The full set of records must be set down verbatim.

-- TASK INPUTS follows --

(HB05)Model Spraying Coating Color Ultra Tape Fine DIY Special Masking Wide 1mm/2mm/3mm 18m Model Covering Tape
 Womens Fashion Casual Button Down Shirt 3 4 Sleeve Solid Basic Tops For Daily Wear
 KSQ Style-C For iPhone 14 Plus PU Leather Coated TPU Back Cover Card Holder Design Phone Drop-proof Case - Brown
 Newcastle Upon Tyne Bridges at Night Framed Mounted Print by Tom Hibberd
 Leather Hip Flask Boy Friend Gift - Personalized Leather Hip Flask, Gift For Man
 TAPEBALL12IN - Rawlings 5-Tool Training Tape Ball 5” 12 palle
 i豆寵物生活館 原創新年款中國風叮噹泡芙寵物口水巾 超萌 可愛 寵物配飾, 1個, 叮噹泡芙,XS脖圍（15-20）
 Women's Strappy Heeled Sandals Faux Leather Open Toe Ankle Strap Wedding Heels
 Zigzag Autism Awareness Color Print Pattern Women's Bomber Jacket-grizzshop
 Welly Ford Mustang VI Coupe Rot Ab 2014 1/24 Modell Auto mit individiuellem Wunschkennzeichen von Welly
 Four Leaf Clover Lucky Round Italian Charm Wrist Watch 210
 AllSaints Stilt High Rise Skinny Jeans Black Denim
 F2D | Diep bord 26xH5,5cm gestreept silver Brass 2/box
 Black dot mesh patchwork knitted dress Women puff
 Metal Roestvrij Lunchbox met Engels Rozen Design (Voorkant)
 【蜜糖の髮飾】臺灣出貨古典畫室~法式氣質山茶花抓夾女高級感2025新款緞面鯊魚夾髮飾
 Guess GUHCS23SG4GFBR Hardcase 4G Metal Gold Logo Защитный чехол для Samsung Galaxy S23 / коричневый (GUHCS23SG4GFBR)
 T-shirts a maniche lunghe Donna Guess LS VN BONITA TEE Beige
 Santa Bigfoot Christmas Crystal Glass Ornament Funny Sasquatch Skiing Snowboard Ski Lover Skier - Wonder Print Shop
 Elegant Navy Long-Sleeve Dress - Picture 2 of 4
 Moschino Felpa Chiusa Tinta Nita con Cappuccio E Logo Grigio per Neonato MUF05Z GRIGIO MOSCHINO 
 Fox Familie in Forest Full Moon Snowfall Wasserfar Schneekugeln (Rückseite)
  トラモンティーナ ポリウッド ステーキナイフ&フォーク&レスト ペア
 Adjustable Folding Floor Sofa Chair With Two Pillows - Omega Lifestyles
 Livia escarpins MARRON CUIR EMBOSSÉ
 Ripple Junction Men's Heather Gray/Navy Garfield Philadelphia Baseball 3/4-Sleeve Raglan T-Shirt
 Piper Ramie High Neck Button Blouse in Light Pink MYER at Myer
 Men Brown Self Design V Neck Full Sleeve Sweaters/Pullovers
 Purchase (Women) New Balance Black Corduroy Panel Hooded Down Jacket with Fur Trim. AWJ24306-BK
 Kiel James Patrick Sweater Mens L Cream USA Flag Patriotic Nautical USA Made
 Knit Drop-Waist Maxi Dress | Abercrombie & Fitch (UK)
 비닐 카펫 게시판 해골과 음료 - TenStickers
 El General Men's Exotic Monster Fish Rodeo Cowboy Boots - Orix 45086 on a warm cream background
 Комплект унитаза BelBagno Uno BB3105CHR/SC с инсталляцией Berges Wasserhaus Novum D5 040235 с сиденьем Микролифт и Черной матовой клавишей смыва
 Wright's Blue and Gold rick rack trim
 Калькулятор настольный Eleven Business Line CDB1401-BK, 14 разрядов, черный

-- TASK INPUTS concluded --

EXERCISE ANSWER
(HB05)Model Spraying Coating Color Ultra Tape Fine DIY Special Masking Wide 1mm/2mm/3mm 18m Model Covering Tape
 Womens Fashion Casual Button Down Shirt 3 4 Sleeve Solid Basic Tops For Daily Wear
 KSQ Style-C For iPhone 14 Plus PU Leather Coated TPU Back Cover Card Holder Design Phone Drop-proof Case - Brown
 Newcastle Upon Tyne Bridges at Night Framed Mounted Print by Tom Hibberd
 Leather Hip Flask Boy Friend Gift - Personalized Leather Hip Flask, Gift For Man
 TAPEBALL12IN - Rawlings 5-Tool Training Tape Ball 5” 12 palle
 i豆寵物生活館 原創新年款中國風叮噹泡芙寵物口水巾 超萌 可愛 寵物配飾, 1個, 叮噹泡芙,XS脖圍（15-20）
 Women's Strappy Heeled Sandals Faux Leather Open Toe Ankle Strap Wedding Heels
 Zigzag Autism Awareness Color Print Pattern Women's Bomber Jacket-grizzshop
 Welly Ford Mustang VI Coupe Rot Ab 2014 1/24 Modell Auto mit individiuellem Wunschkennzeichen von Welly
 Four Leaf Clover Lucky Round Italian Charm Wrist Watch 210
 AllSaints Stilt High Rise Skinny Jeans Black Denim
 F2D | Diep bord 26xH5,5cm gestreept silver Brass 2/box
 Black dot mesh patchwork knitted dress Women puff
 Metal Roestvrij Lunchbox met Engels Rozen Design (Voorkant)
 【蜜糖の髮飾】臺灣出貨古典畫室~法式氣質山茶花抓夾女高級感2025新款緞面鯊魚夾髮飾
 Guess GUHCS23SG4GFBR Hardcase 4G Metal Gold Logo Защитный чехол для Samsung Galaxy S23 / коричневый (GUHCS23SG4GFBR)
 T-shirts a maniche lunghe Donna Guess LS VN BONITA TEE Beige
 Santa Bigfoot Christmas Crystal Glass Ornament Funny Sasquatch Skiing Snowboard Ski Lover Skier - Wonder Print Shop
 Elegant Navy Long-Sleeve Dress - Picture 2 of 4
 Moschino Felpa Chiusa Tinta Nita con Cappuccio E Logo Grigio per Neonato MUF05Z GRIGIO MOSCHINO 
 Fox Familie in Forest Full Moon Snowfall Wasserfar Schneekugeln (Rückseite)
  トラモンティーナ ポリウッド ステーキナイフ&フォーク&レスト ペア
 Adjustable Folding Floor Sofa Chair With Two Pillows - Omega Lifestyles
 Livia escarpins MARRON CUIR EMBOSSÉ
 Ripple Junction Men's Heather Gray/Navy Garfield Philadelphia Baseball 3/4-Sleeve Raglan T-Shirt
 Piper Ramie High Neck Button Blouse in Light Pink MYER at Myer
 Men Brown Self Design V Neck Full Sleeve Sweaters/Pullovers
 Purchase (Women) New Balance Black Corduroy Panel Hooded Down Jacket with Fur Trim. AWJ24306-BK
 Kiel James Patrick Sweater Mens L Cream USA Flag Patriotic Nautical USA Made
 Knit Drop-Waist Maxi Dress | Abercrombie & Fitch (UK)
 비닐 카펫 게시판 해골과 음료 - TenStickers
 El General Men's Exotic Monster Fish Rodeo Cowboy Boots - Orix 45086 on a warm cream background
 Комплект унитаза BelBagno Uno BB3105CHR/SC с инсталляцией Berges Wasserhaus Novum D5 040235 с сиденьем Микролифт и Черной матовой клавишей смыва
 Wright's Blue and Gold rick rack trim
 Калькулятор настольный Eleven Business Line CDB1401-BK, 14 разрядов, черный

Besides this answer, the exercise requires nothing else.